[RECORDS FOR THIS TASK]
· · ·

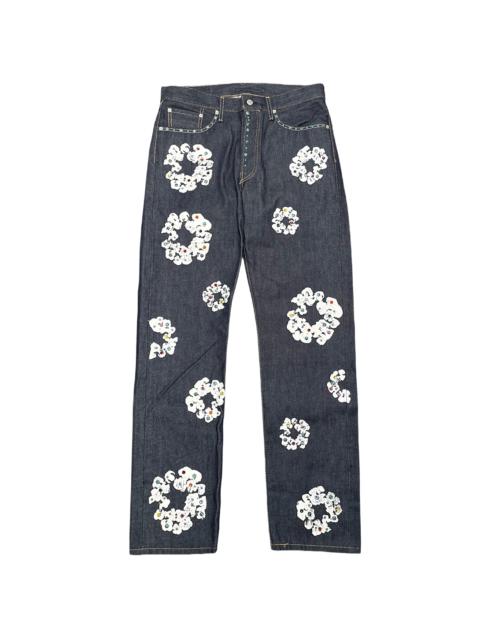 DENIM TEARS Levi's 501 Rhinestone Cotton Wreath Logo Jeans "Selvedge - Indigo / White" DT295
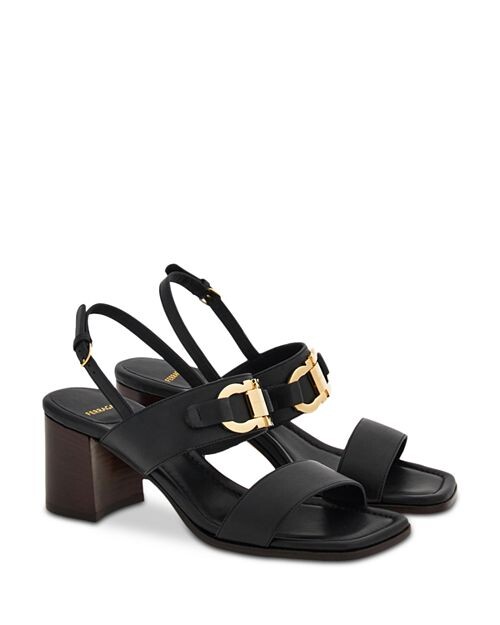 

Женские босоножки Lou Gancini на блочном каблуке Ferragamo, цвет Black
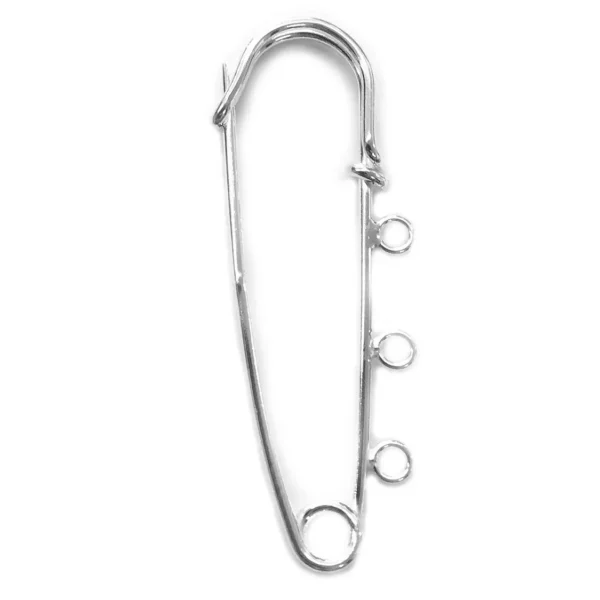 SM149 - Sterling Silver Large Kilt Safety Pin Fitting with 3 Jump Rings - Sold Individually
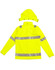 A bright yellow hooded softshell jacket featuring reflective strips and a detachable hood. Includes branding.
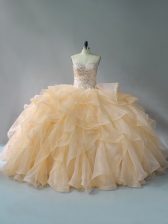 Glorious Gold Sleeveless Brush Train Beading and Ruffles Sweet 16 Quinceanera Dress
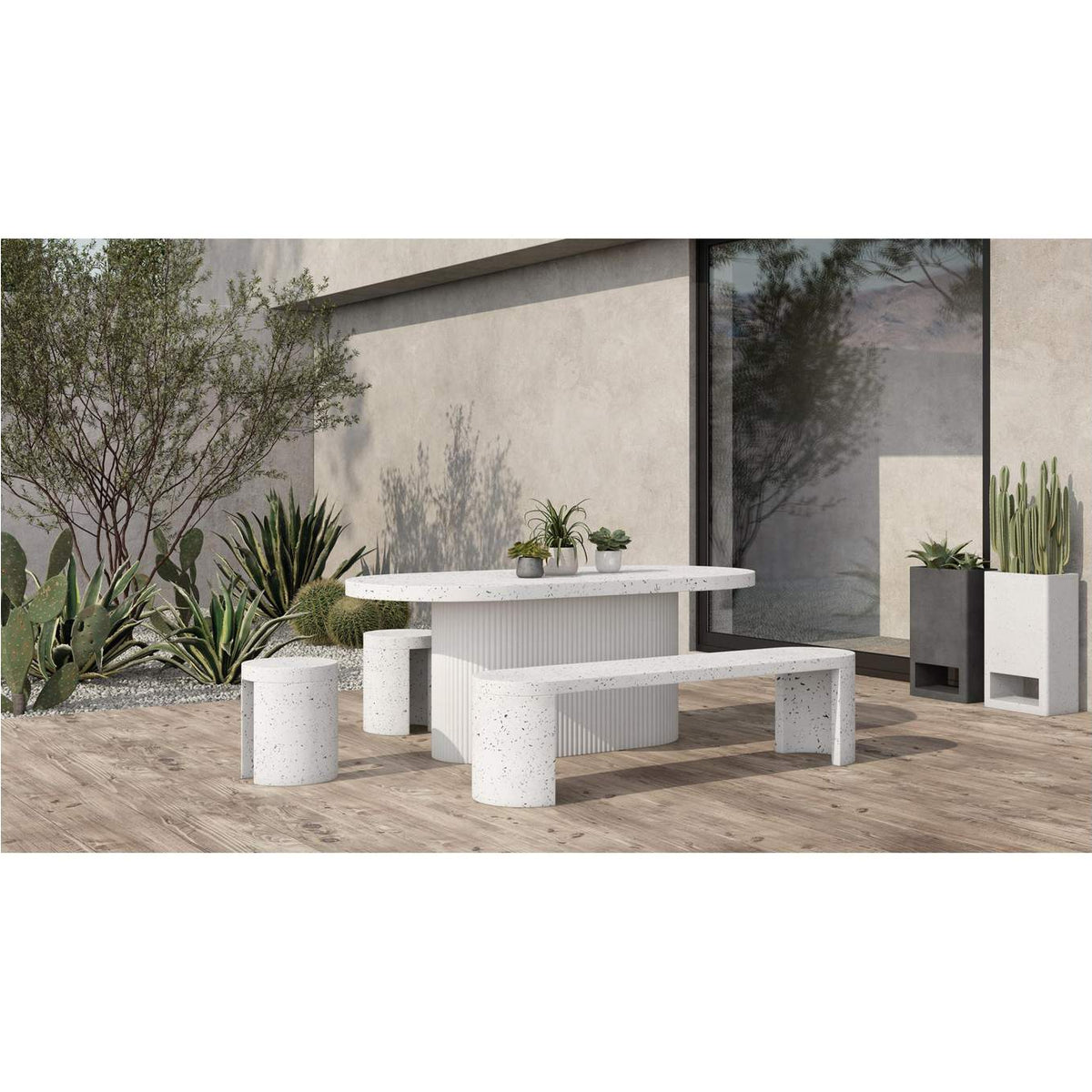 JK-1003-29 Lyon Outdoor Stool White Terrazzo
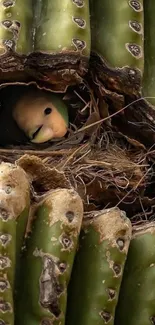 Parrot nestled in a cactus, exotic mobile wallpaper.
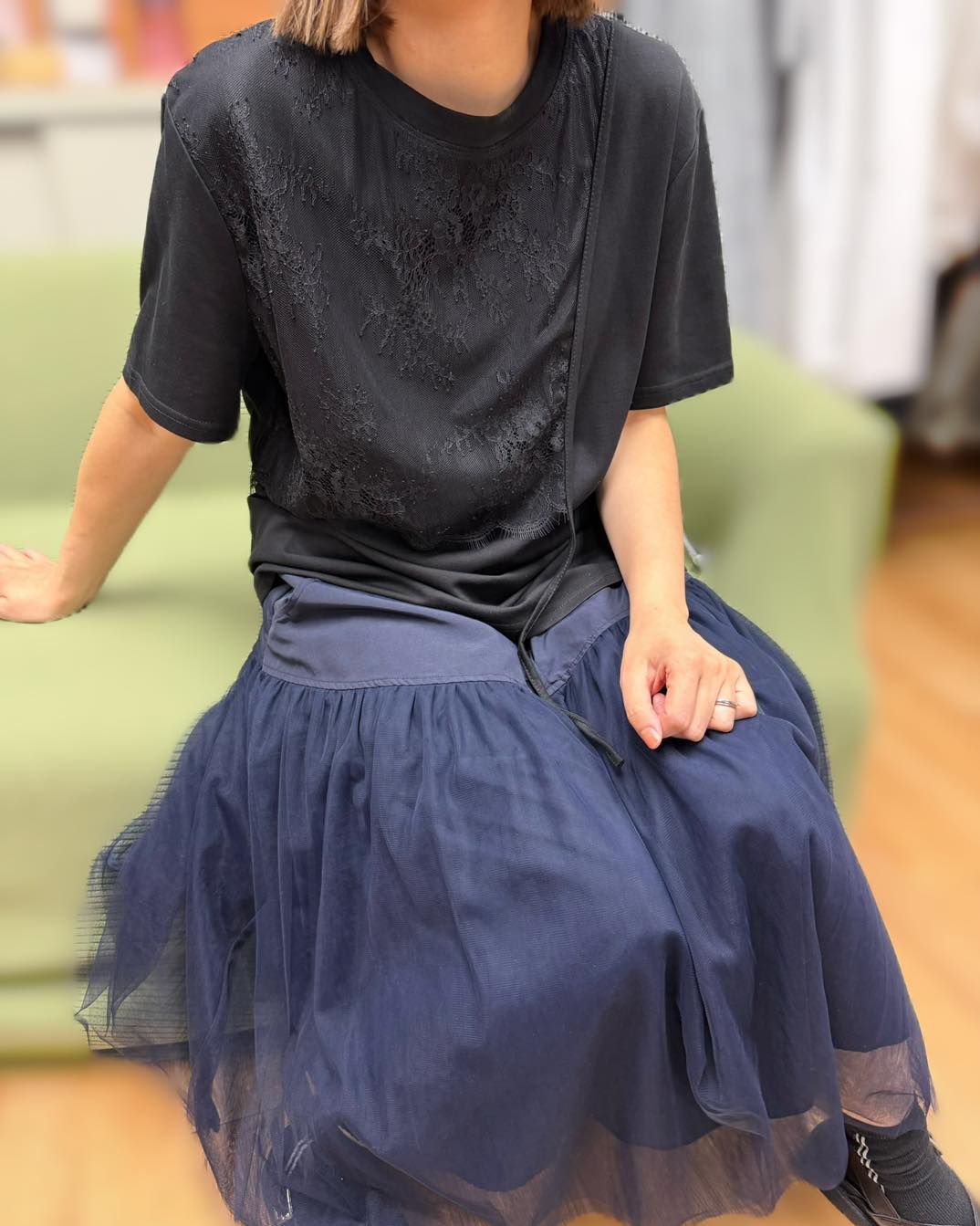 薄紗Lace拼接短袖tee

· · ·

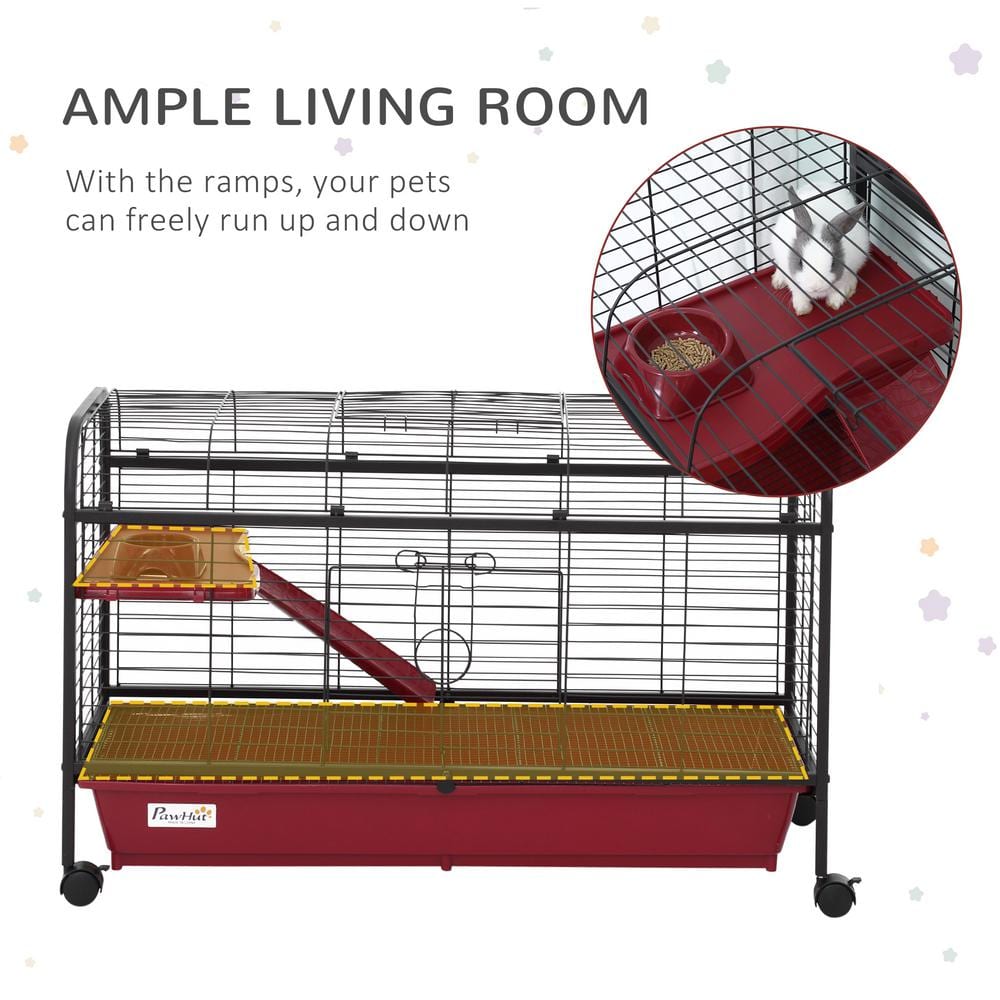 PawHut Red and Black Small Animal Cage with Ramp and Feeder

· · ·

[EXERCISE REQUIREMENTS]
In the material above, one part opens with the line containing "A bright yellow" and closes with the line containing "薄紗Lace拼接短袖tee". Write out that part exactly and skip its pictures.

[SOLUTION TO THE EXERCISE]
 A bright yellow hooded softshell jacket featuring reflective strips and a detachable hood. Includes branding.
 Glorious Gold Sleeveless Brush Train Beading and Ruffles Sweet 16 Quinceanera Dress
 JK-1003-29 Lyon Outdoor Stool White Terrazzo
 Parrot nestled in a cactus, exotic mobile wallpaper.
 薄紗Lace拼接短袖tee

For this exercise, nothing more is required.